• Work instruction: Exactly as written, copy every line from the one containing "Itamoby Table Console" through the end of the records, with the pictures left out.

• Records supplied:
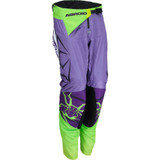 MOOSE RACING 29032506 Moose Racing Youth Agroid Mesh Pants - Purple/White - 24 2903-2506
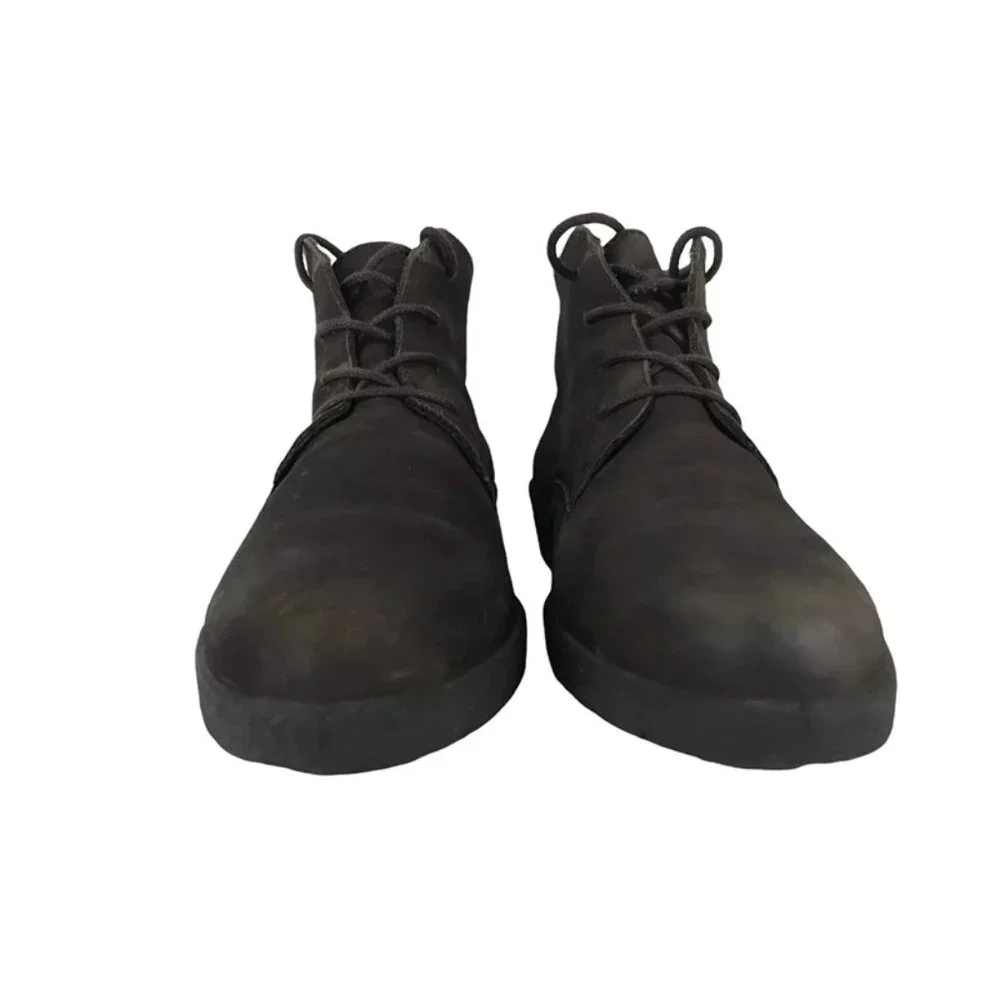 Ecco Womens Choice Dark‎ Brown Lace Up Ankle Chukka Boots Size US 6.5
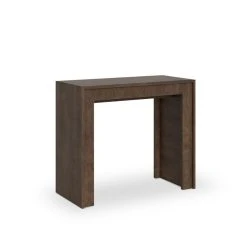 Itamoby Table Console Extensible En Bois De Noyer 90x42-302cm Salle à Manger ... -Vente-unique shop table console extensible en bois de noyer 90x42 302cm salle a manger mia noix 12722618 34186320 1140x1140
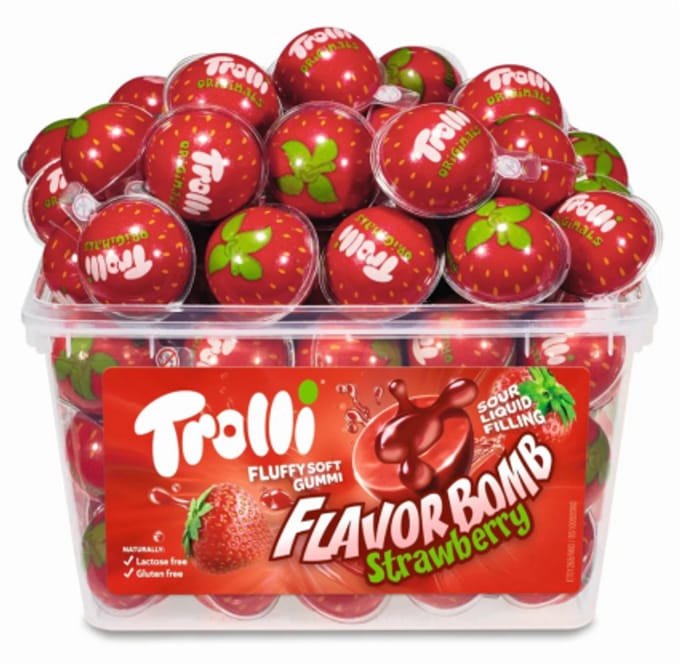 Trolli Flavor Bombs Strawberry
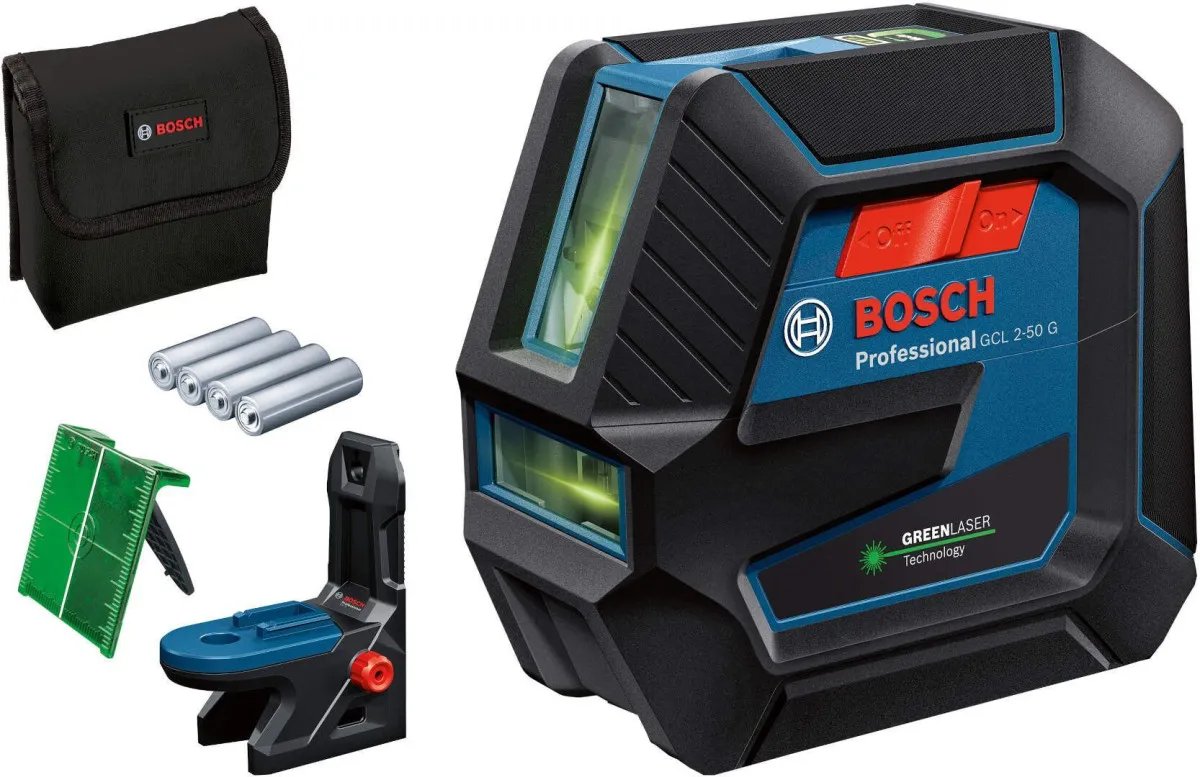Bosch KOMBINOVANI SAMONIVELIŠUĆI LASER ZA LINIJE SA ZELENIM ZRAKOM GCL 2-50 G (0601066M00)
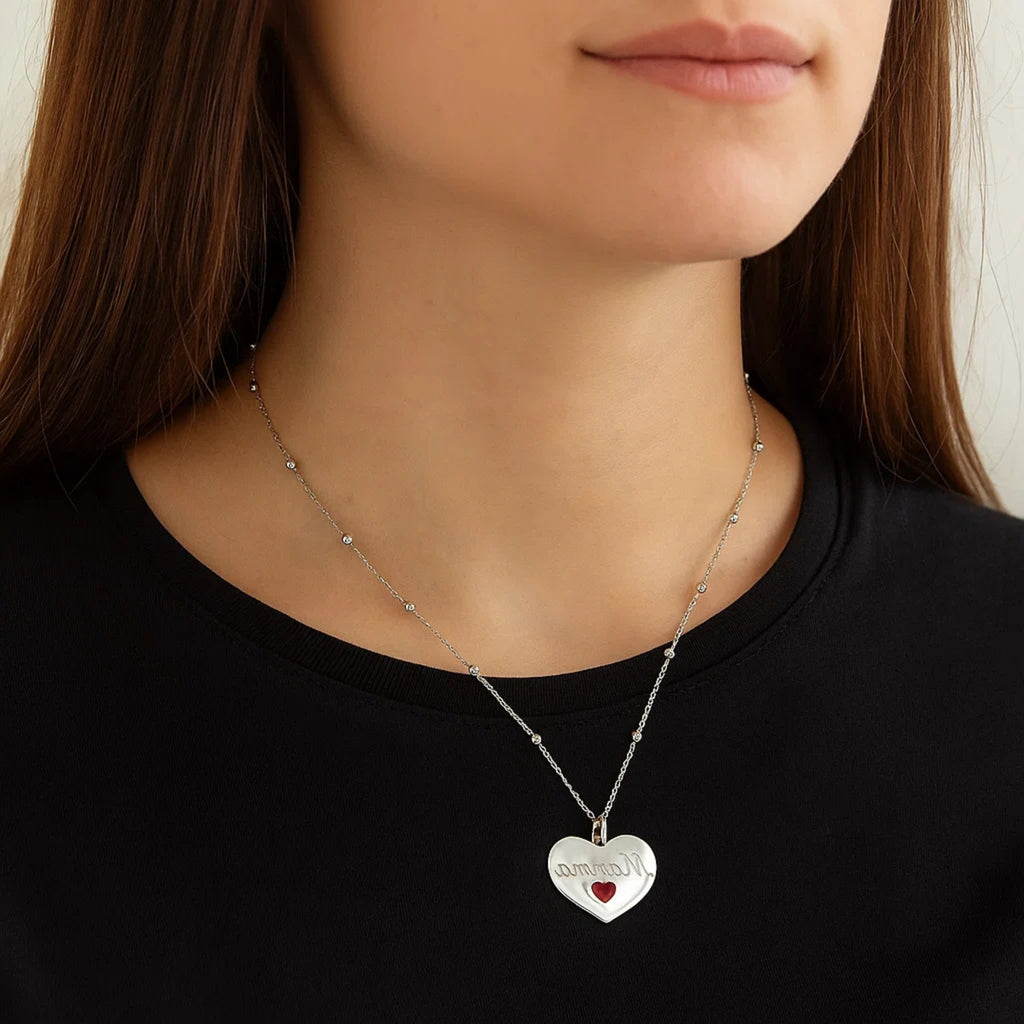 Collana Cuore "Mamma"- Les Folies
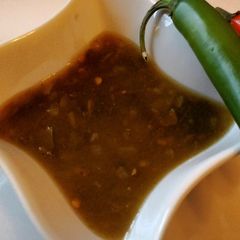A picture of Serrano Tomatillo Salsa.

• Solved problem:
 Itamoby Table Console Extensible En Bois De Noyer 90x42-302cm Salle à Manger ... -Vente-unique shop table console extensible en bois de noyer 90x42 302cm salle a manger mia noix 12722618 34186320 1140x1140
 Trolli Flavor Bombs Strawberry
Bosch KOMBINOVANI SAMONIVELIŠUĆI LASER ZA LINIJE SA ZELENIM ZRAKOM GCL 2-50 G (0601066M00)
 Collana Cuore "Mamma"- Les Folies
A picture of Serrano Tomatillo Salsa.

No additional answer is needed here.